Could you write out the listing below exactly as it stands, leaving out the pictures?

***** Stored data

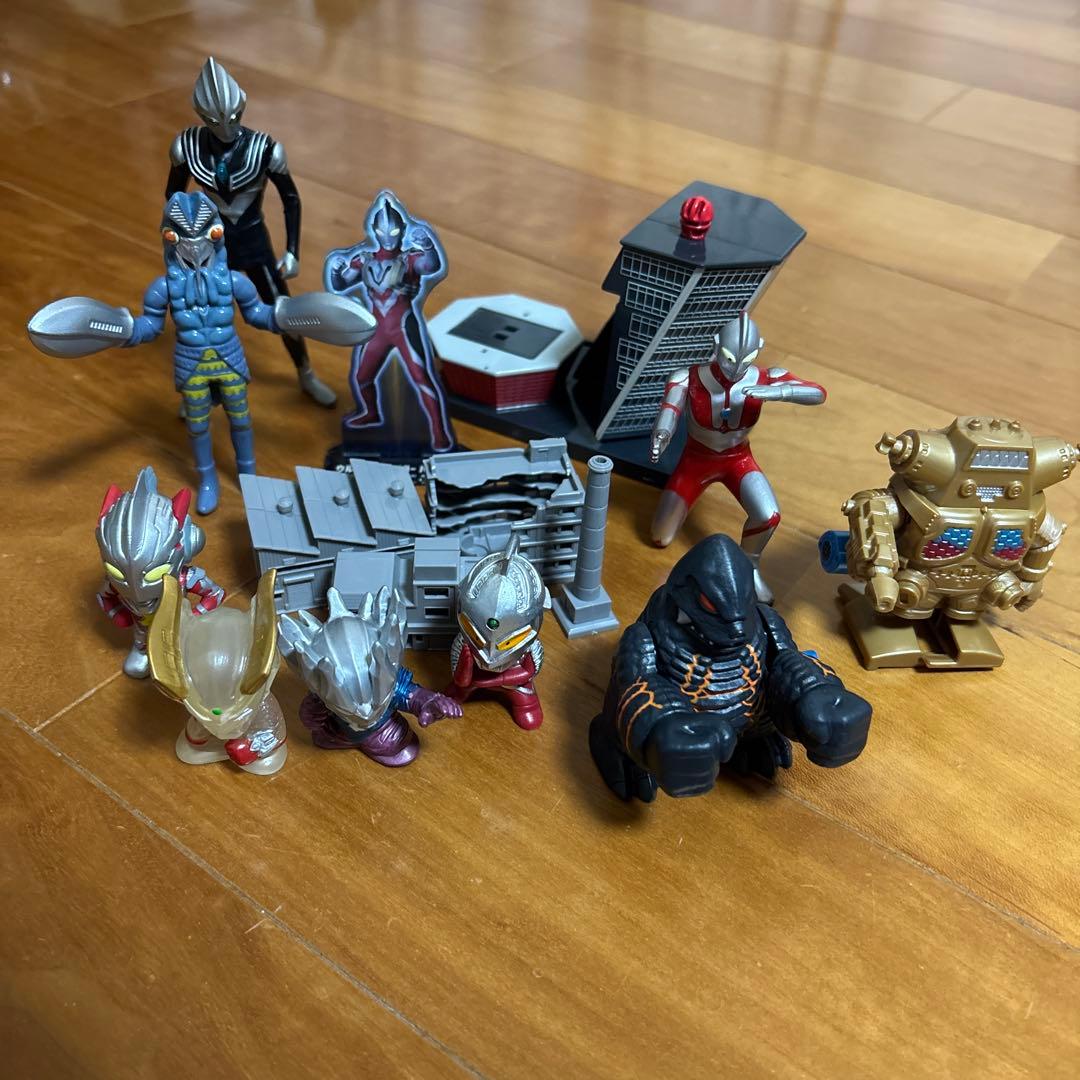ウルトラマンフィギュア 約90体セット
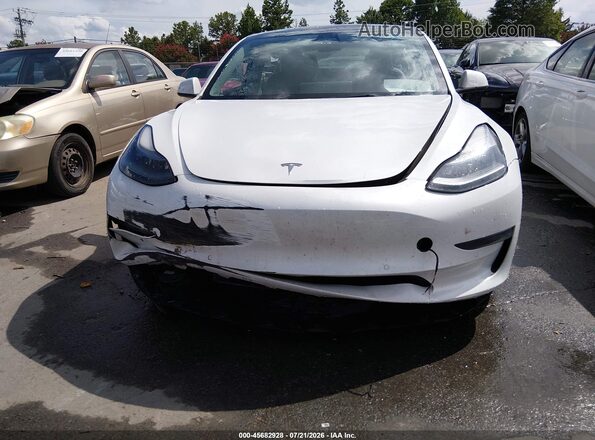 5YJ3E1EA1NF320264 2022 TESLA MODEL 3 White 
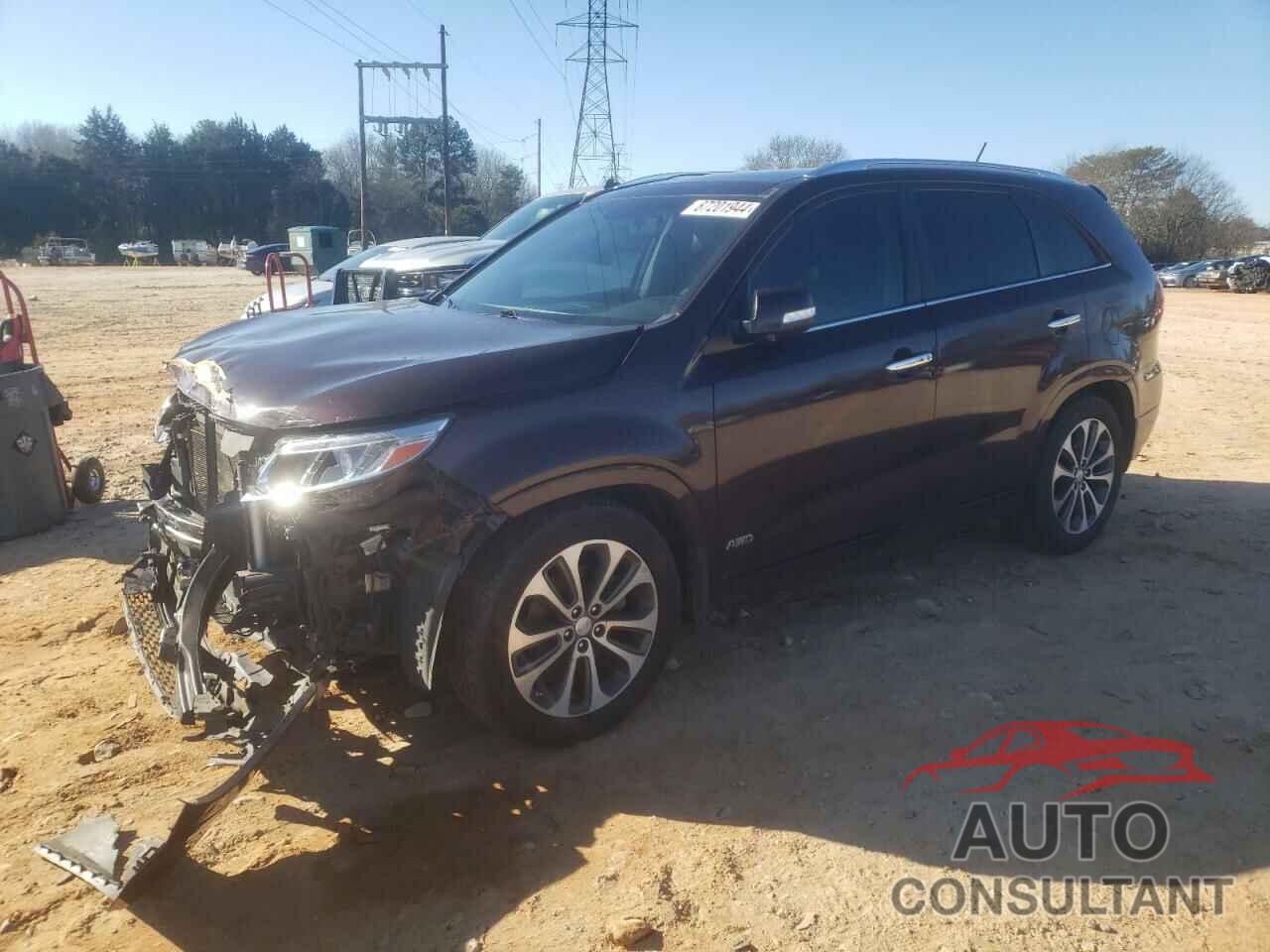 KIA SORENTO 2014 - 5XYKWDA71EG465091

**********

- Task result
ウルトラマンフィギュア 約90体セット
 5YJ3E1EA1NF320264 2022 TESLA MODEL 3 White 
 KIA SORENTO 2014 - 5XYKWDA71EG465091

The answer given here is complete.